« Un scénario possible » : TotalEnergies n’écarte pas l’idée de devoir quitter complètement la Russie sous l’effet des sanctions européennes, après avoir déjà dû renoncer au projet de gaz liquéfié Arctic LNG 2, affectant en partie ses florissants résultats trimestriels.
Le géant français a annoncé jeudi un bénéfice net de 4,9 milliards de dollars au premier trimestre, porté par la flambée des prix du gaz et du pétrole. Il a aussi dû inscrire dans ses comptes une dépréciation de 4,1 milliards de dollars concernant plusieurs actifs russes, dont sa participation au projet Arctic LNG 2, entravés par le durcissement des sanctions contre Moscou.
Ce gigantesque site de production Arctic LNG 2, dont TotalEnergies détient 10%, devait réaliser sa première livraison de GNL depuis la Sibérie en 2023. “Nous n’avons jamais dit que nous resterions en Russie. Nous n’avons simplement pas dit que nous en partirions, c’est un peu différent”, a déclaré le PDG du groupe Patrick Pouyanné, lors d’un échange avec des analystes financiers.
Désormais, “notre activité en Russie tourne essentiellement autour du GNL venu de Yamal LNG. Le volume sur ce contrat est énorme, il représente beaucoup d’argent et nous devons l’honorer tant que les sanctions nous permettent de le faire”, a-t-il ajouté. “Le conseil d’administration a décidé d’aborder la situation russe de manière responsable, en particulier pour tenter de protéger autant que possible la valeur des actifs, dans l’intérêt de nos actionnaires”, a expliqué le patron, insistant sur l’importance de ce site de production sibérien dont TotalEnergies détient 20%.
Dans le même temps, l’entreprise, qui avait déjà dégagé en 2021 des profits jamais vus depuis au moins 15 ans, a profité ce trimestre d’une nouvelle hausse des cours de l’énergie. À 9 milliards de dollars, son bénéfice net ajusté (qui sert de référence car excluant les événements exceptionnels tels que les dépréciations) a ainsi triplé par rapport au 1er trimestre 2021. “Le rebond des prix de l’énergie constaté au second semestre 2021 s’est amplifié au premier trimestre 2022 à la suite de l’agression militaire de l’Ukraine par la Russie, avec des prix du pétrole dépassant les 100 dollars le baril et des prix du gaz en Europe et en Asie historiquement élevés”, souligne Patrick Pouyanné.

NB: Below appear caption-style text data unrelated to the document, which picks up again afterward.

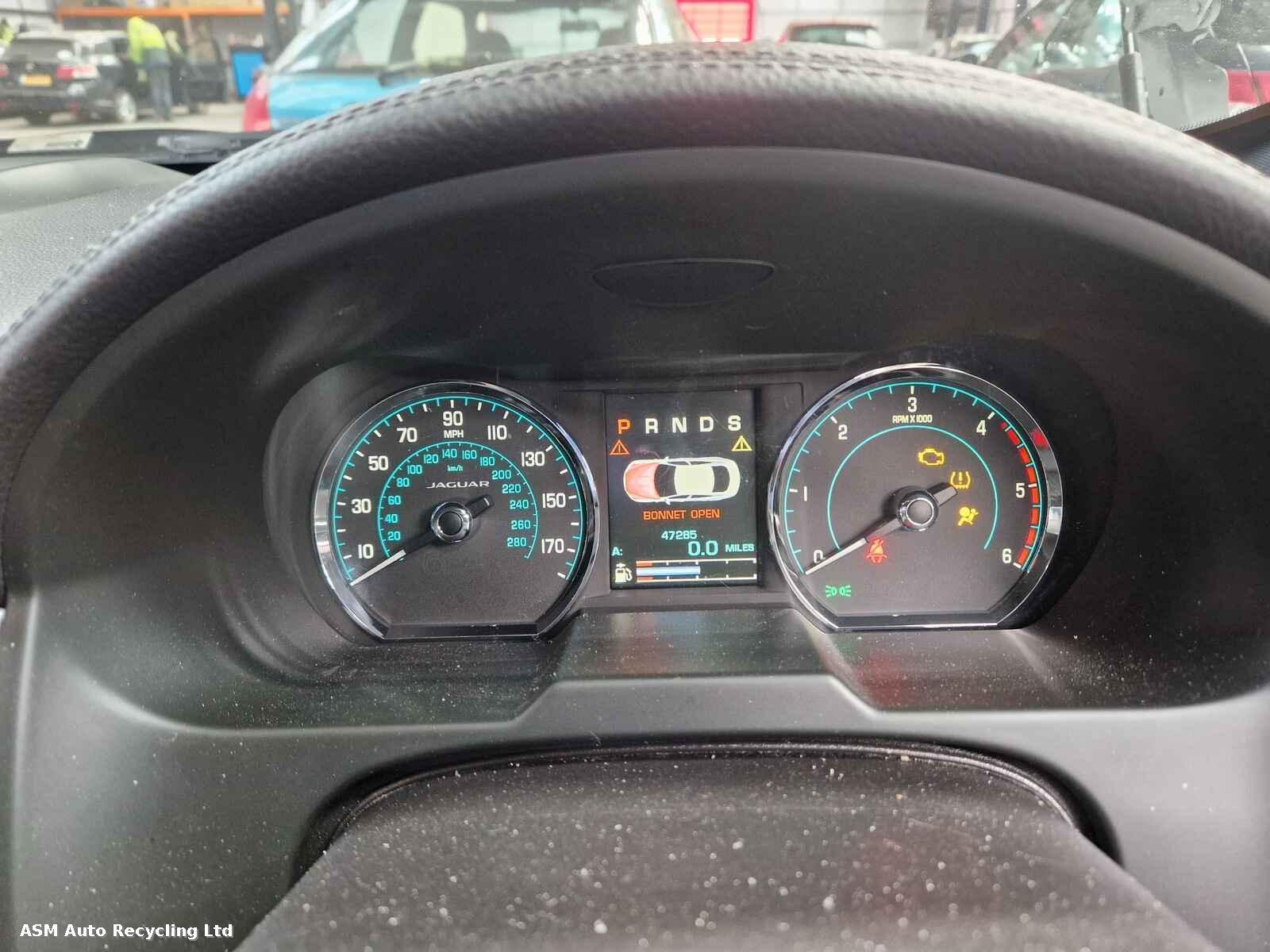 Jaguar Xf 2015 4 Door Saloon Breaking View Auto part Jaguar Xf 2015 4 Door Saloon Breaking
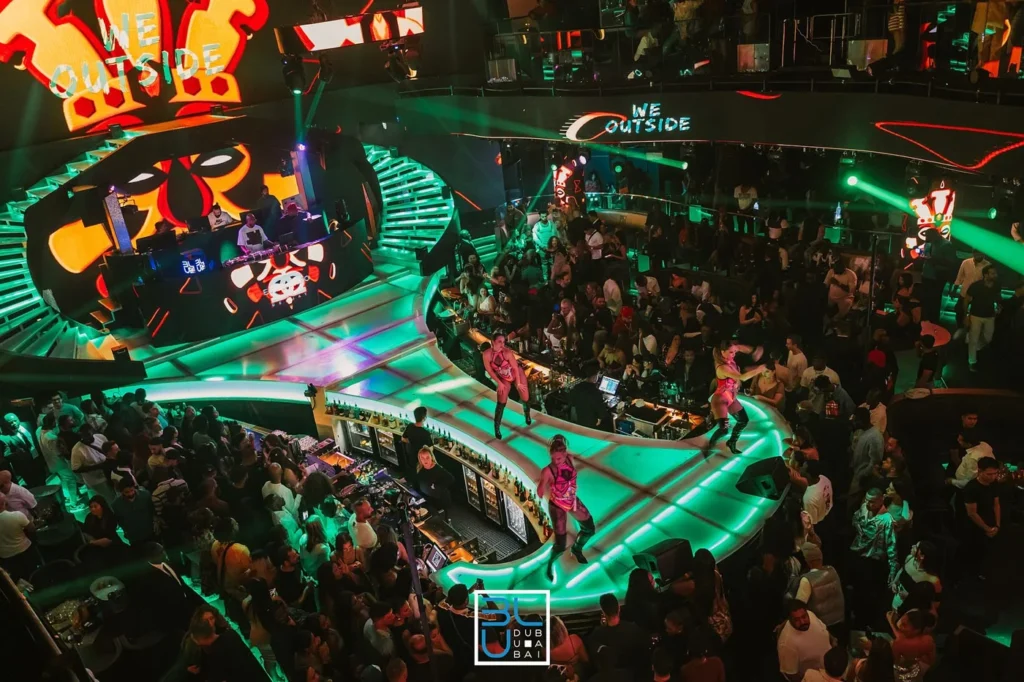 blu dubai club dance floor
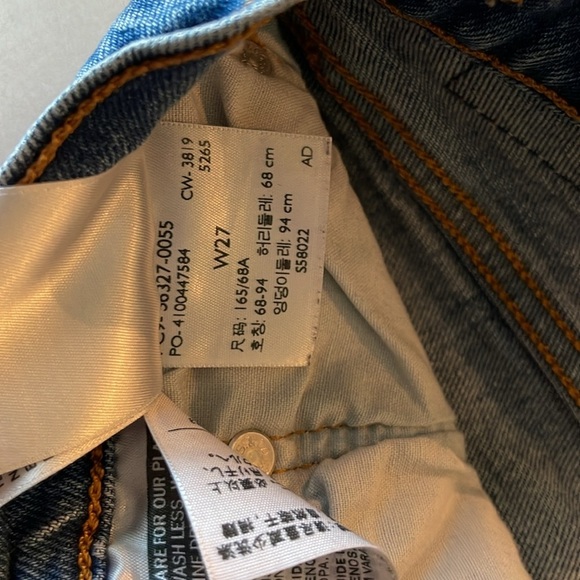 501 Levi’s Shorts high rise raw hem size 27 - Picture 3 of 3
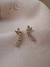 Brinco Ear Cuff Cravejado Banho de Ouro 18k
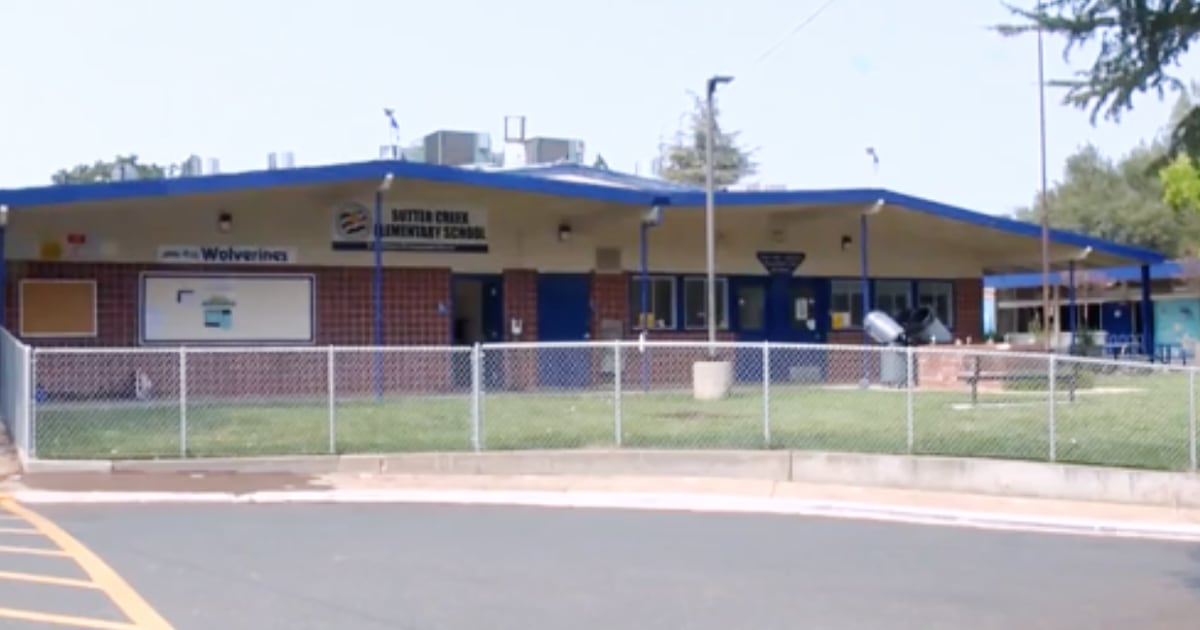 Parent attacks teacher after mask dispute on first day of
school, official says 1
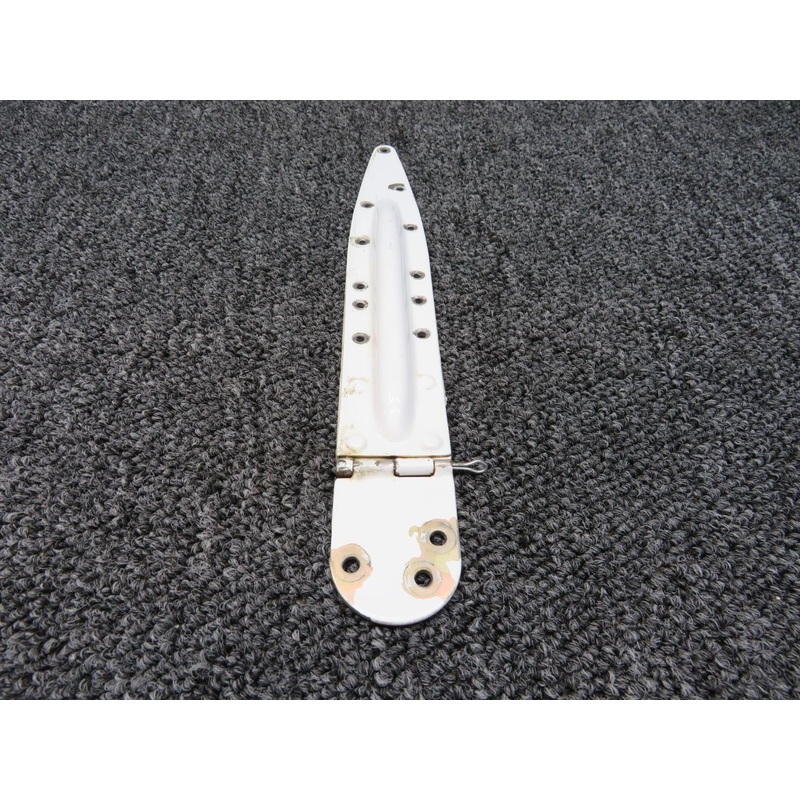 0511237-2 / 0511238-8 Cessna 172S Cabin Door Hinge Upper FWD / AFT RH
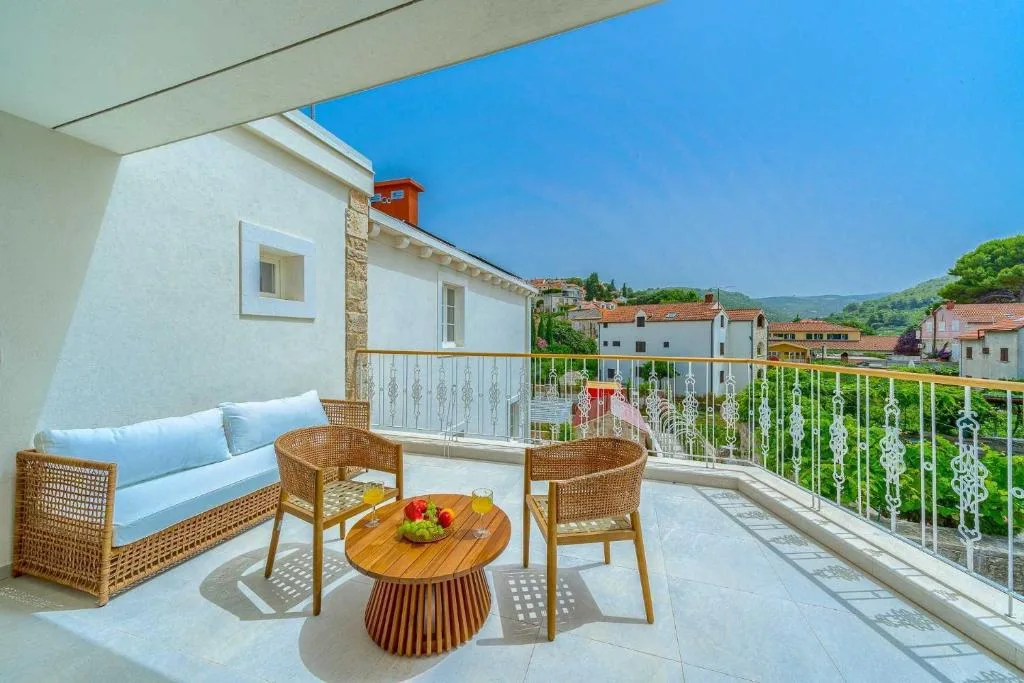 Hotel Brattia, Adults Only — 5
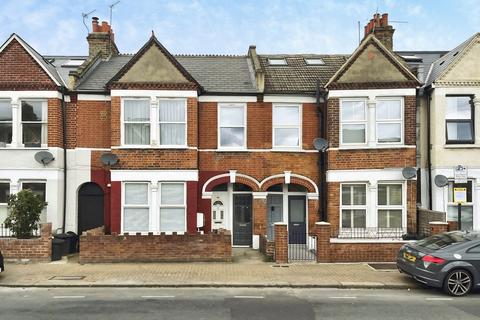 2 bedroom apartment to rent, Penwith Road, London, SW18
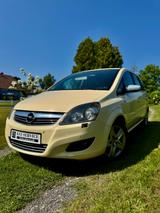 Opel Zafira B Design Edition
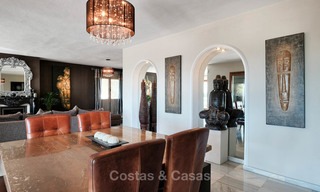 Villa confortable et luxueuse, de style traditionnel avec vue sur la mer à vendre, prête à emménager - Elviria, Marbella Est 8862 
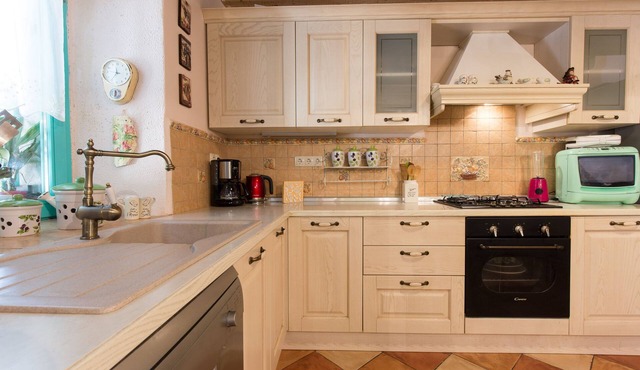 Stone villa with pool, WLAN, air conditioning, washing machine, tumble dryer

La flambée, entamée l’an dernier sur fond de reprise mondiale et de production limitée de certains pays, est encore alimentée par le contexte de guerre en Ukraine. Le baril de Brent de la mer du Nord valait ainsi 70,9 dollars le baril en 2021, contre 41,8 dollars l’année précédente, il est à 102,2 ce trimestre.
Besoins européens en GNL
Au vu des liquidités dégagées, la compagnie a annoncé qu’elle allait “racheter jusqu’à 3 milliards de dollars d’actions au premier semestre”. La division production-exploration affiche un résultat de 5 milliards de dollars, 2,5 fois supérieur sur un an, et en hausse de 42% par rapport au dernier trimestre 2021. Les activités Raffinage et chimie, à 1,12 milliard, ont plus que quadruplé leurs profits. Les ventes de gaz naturel liquéfié (GNL) sont en hausse de 34%, “soutenues par le fort appel de GNL en Europe” qui cherche à se détourner du gaz russe.
TotalEnergies est déjà engagé dans une diversification de ses sources de GNL (Louisiane, Mozambique…). “Pouvons-nous trouver d’autres opportunités pour remplacer ces volumes (de Yamal, ndlr) ? Je pense que la réponse est assez claire: oui”, a dit M. Pouyanné, avec notamment des actifs à développer. “Je ne m’attends pas à une rupture de notre profil de croissance dans le GNL, même si nous devions quitter complètement la Russie, ce qui n’est pas aujourd’hui [le cas], mais qui est un scenario possible.”
TotalEnergies produit en Russie 16,6% de ses hydrocarbures. “La Russie est importante en termes de volumes, mais représente seulement une part très limitée de nos revenus et de nos liquidités”, assure M. Pouyanné.